[Opening Material supplied section]
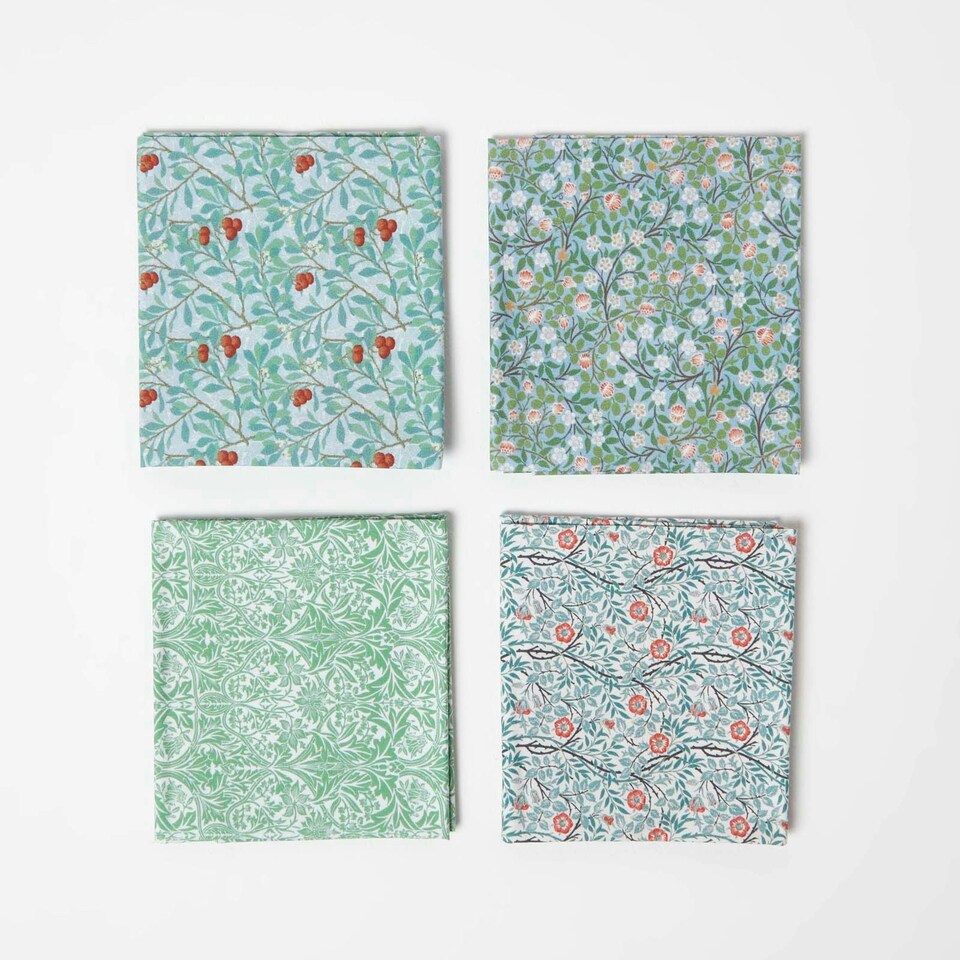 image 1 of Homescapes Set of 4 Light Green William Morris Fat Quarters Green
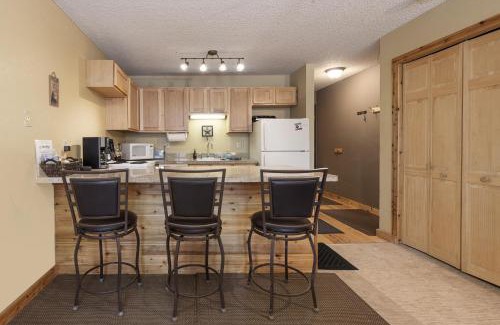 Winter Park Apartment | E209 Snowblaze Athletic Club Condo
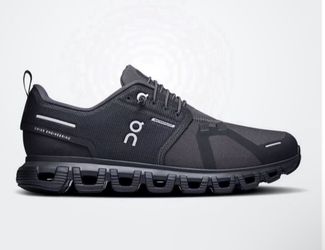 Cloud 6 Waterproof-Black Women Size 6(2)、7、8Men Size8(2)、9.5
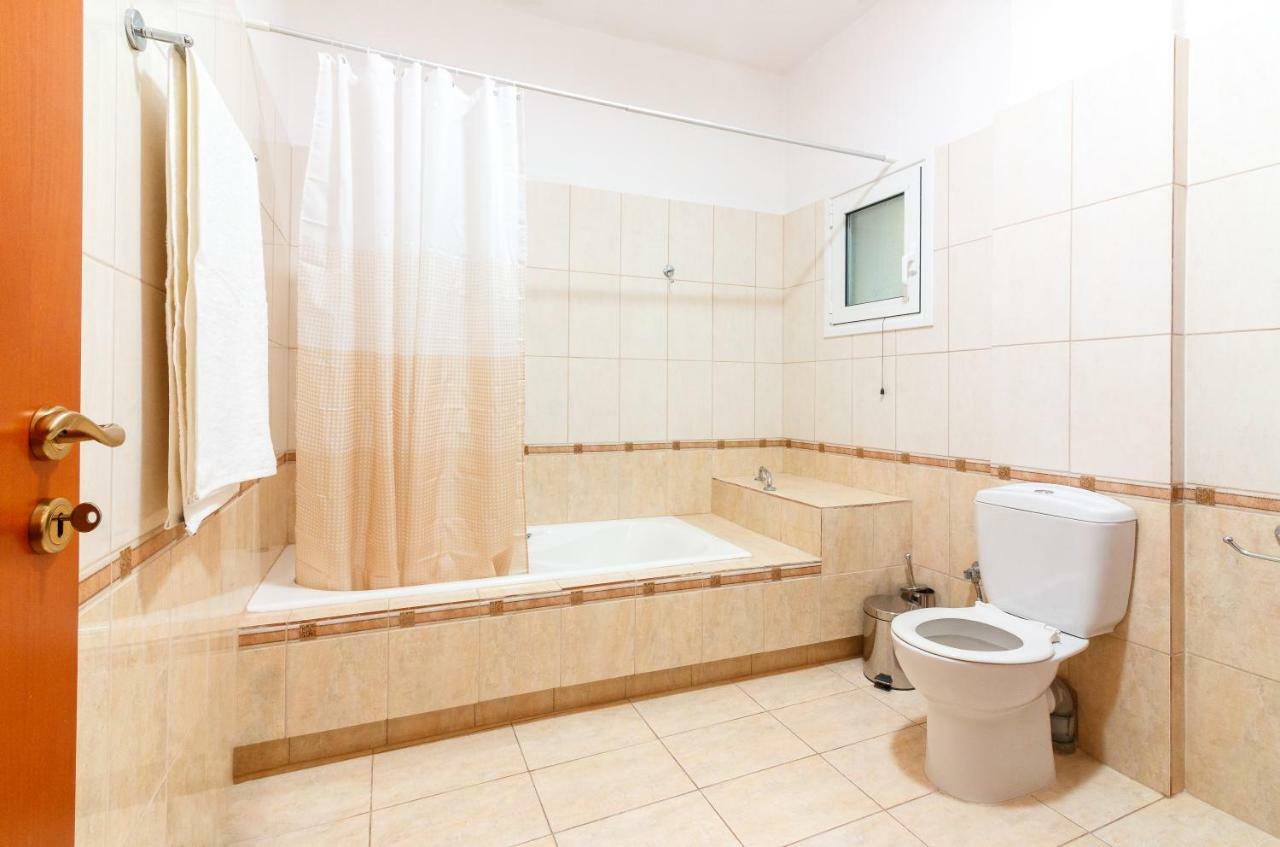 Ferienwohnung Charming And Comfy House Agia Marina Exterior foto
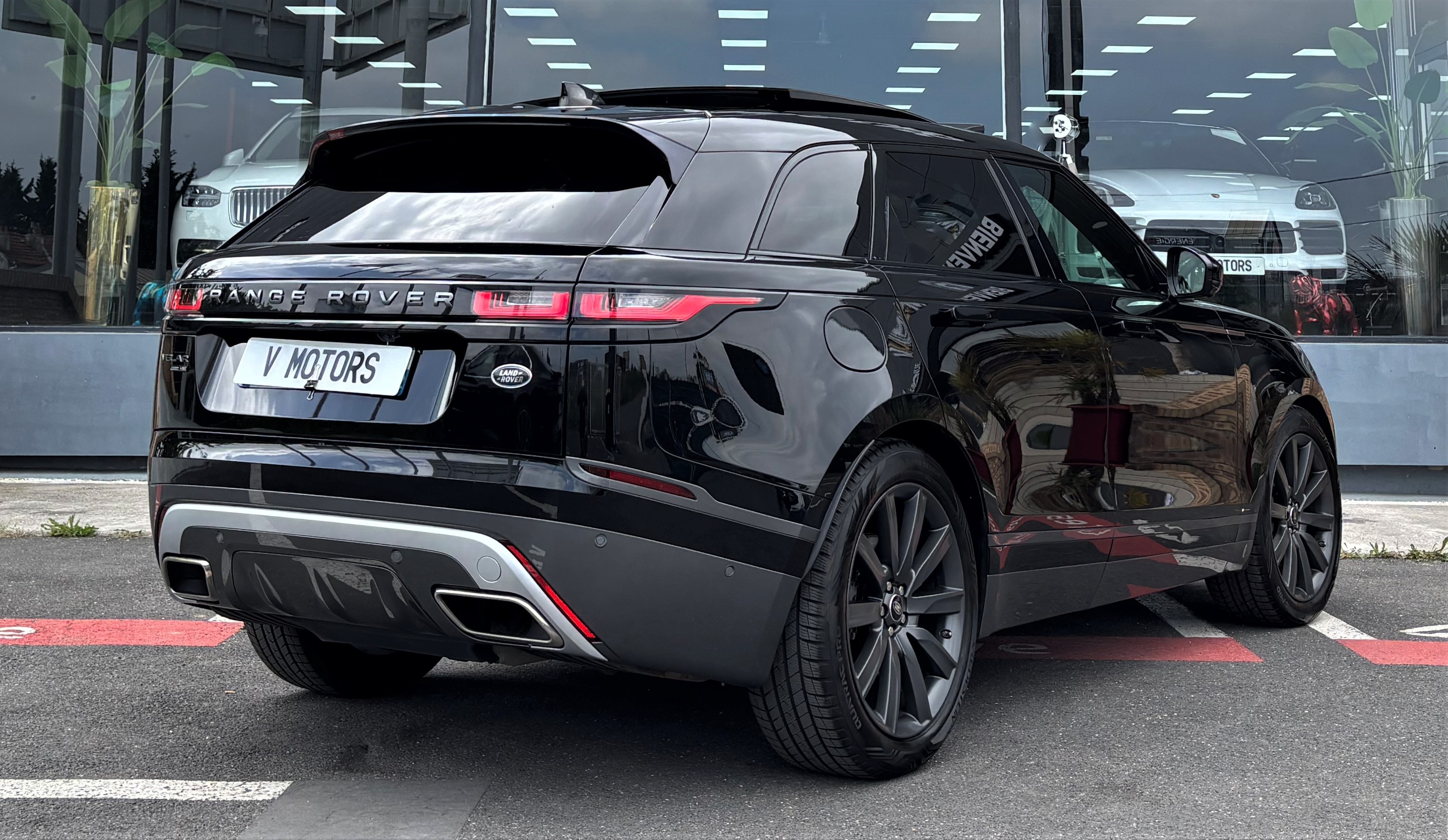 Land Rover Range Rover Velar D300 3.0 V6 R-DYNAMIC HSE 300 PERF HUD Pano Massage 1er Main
[Closing Material supplied section]
[Opening Material supplied section]
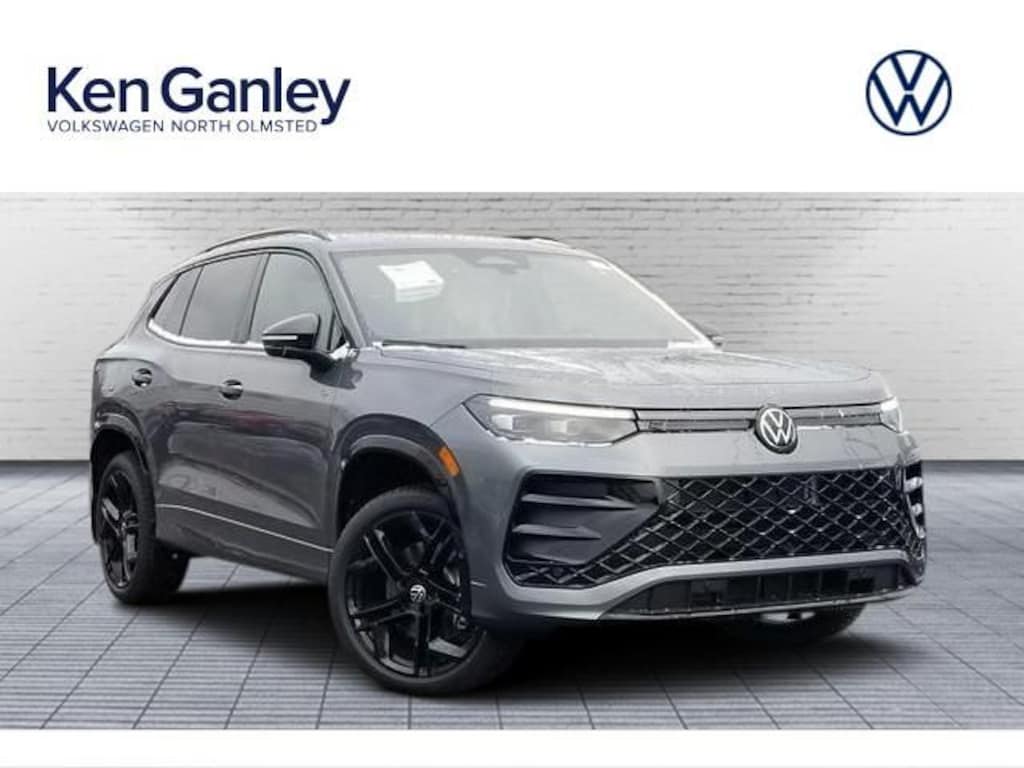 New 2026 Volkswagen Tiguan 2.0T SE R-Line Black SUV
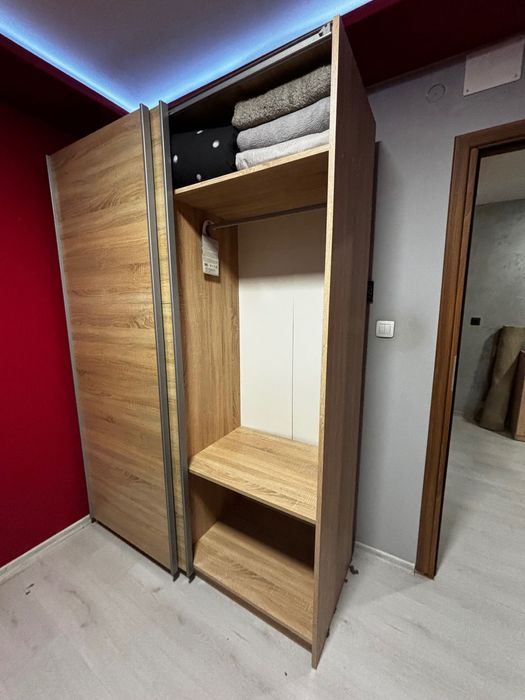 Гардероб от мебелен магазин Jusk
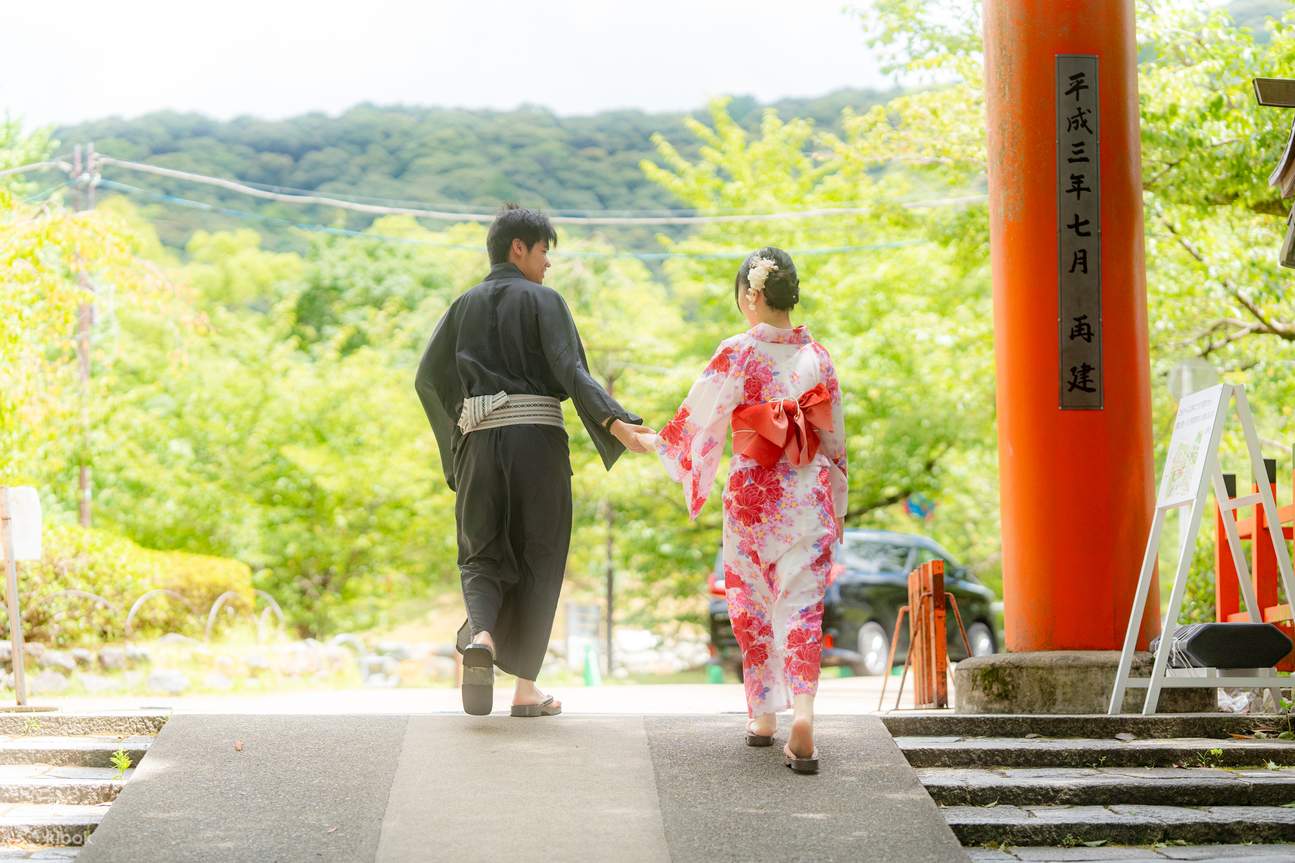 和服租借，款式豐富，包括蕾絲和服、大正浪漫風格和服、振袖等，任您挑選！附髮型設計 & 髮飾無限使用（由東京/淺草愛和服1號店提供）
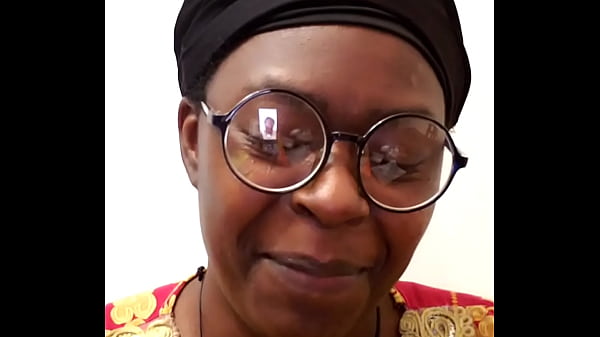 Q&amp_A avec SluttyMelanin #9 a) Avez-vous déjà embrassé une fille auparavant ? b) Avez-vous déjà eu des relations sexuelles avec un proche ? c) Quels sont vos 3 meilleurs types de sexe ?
[Closing Material supplied section]
Within the listing above, the lines from the one with "Ferienwohnung Charming And" through the one with "Land Rover Range" are to be given again word for word. Do not include pictures.

 Ferienwohnung Charming And Comfy House Agia Marina Exterior foto
 Land Rover Range Rover Velar D300 3.0 V6 R-DYNAMIC HSE 300 PERF HUD Pano Massage 1er Main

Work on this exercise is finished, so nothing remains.